The Dollar Reserves

The question of inhibitions on U.S. policy due to the dollar's role as a reserve currency raises a host of related questions about the very desirability of being a reserve currency.

If it is crippling to action to be a reserve currency, why be one?

When it is pointed out that devaluation might disqualify the dollar for future reserve status, two answers appear.

Devaluation dos not (or should not) disqualify a currency from reserve currency status, especially if central bankers match their interest earnings over the years from holding currency obligations against their capital loss from devaluation.

These arguments are usually couched in terms of the cost versus the benefit of being a reserve currency, and apply not only to the dollar but also to the pound, or to any nation's currency that attains reserve status.

It may be remembered that no nation in the past has consciously chosen to be a reserve currency country, nor it has been elected to this position.

Rather, it happens to become one because other countries choose to hold its currency in the settlement of international balances and for the buying and selling of their own currencies.

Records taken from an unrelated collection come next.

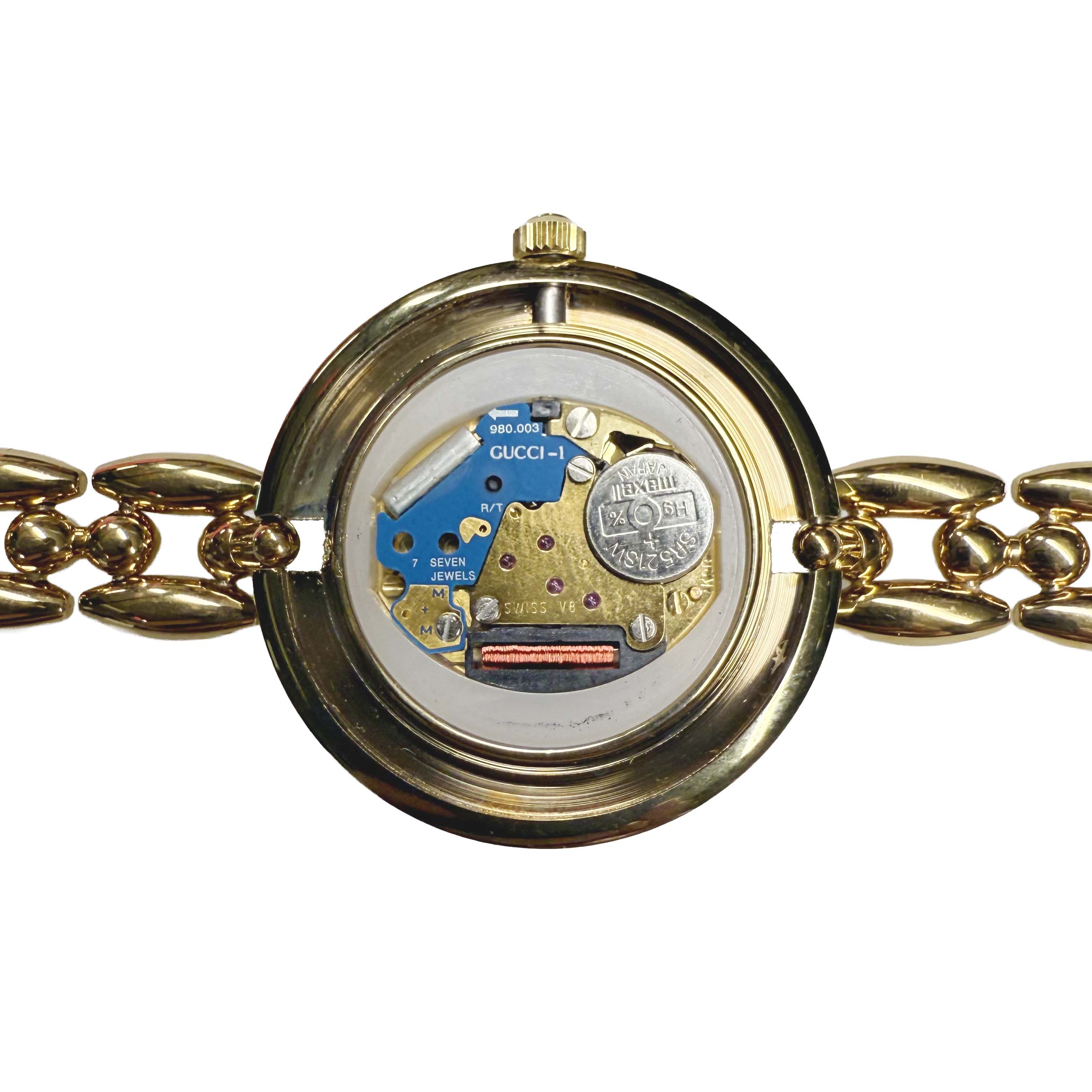 Vintage Gucci Interchangeable Bezel Watch Link Bracelet #4 - Queen May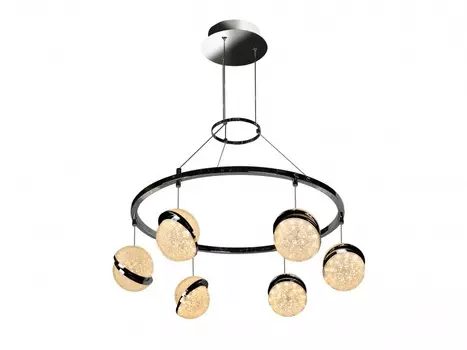 Подвесной светильник crystal ball (iledex) серебристый 65 см.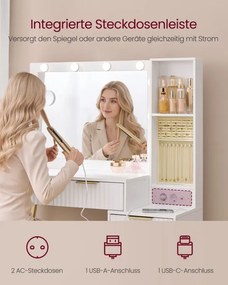 Toaletný stolík so stoličkou RVT020WB01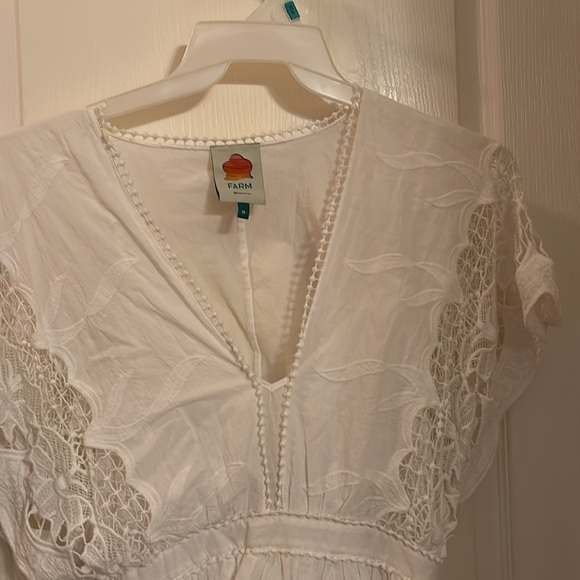 Farm Rio Elegant White Lace Dress - Picture 4 of 5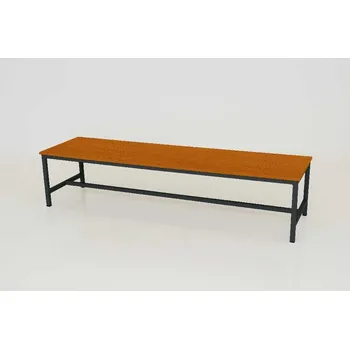 Šatní skříň Šatní lavice širší kov-lamino, délka 2000 mm, černá - třešeň + doprava zdarma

Being a reserve currency carries with it both benefits and costs. The principal benefit is greater flexibility.

In this context, flexibility means that American deficits can be financed in part through increases in the dollar reserves held by foreign monetary authorities.

To the extent that U.S. deficits result in additional dollar reserves of surplus countries, the loss of gold by the United States is smaller than it would otherwise be.

One aspect of this advantage is that long-term investments with relatively high rates of return can be and are made while short-term debts costing less are incurred.

Much of the action of government officials in the last few years was designed to convince foreign governments that they should indeed hold dollar assets rather than gold.

The gain in flexibility which is said to result has been cited by former Under Secretary of the Treasury Roosa and other officials in testimony to Congress.

On the other side are the costs of being a reserve currency, which of course are constraints on economic policy.

When foreign monetary authorities hold large reserves of dollars, they do so without any commitment to keep them in that form. The threat is always present that they will convert these holdings to gold.

A reduction of the foreign-held dollars will of course drain gold from the United States and perhaps precipitate the very devaluation which it is feared would shake the entire international system.

Moreover, the threat of conversion to gold is a powerful factor in inhibiting the United States from following internal policies aimed at higher levels of employment and economic growth.

These policies may prove inflationary or, equally important, foreign governments may think they are going to be inflationary with a consequent worsening of the balance of payments position, and a further run on the dollar.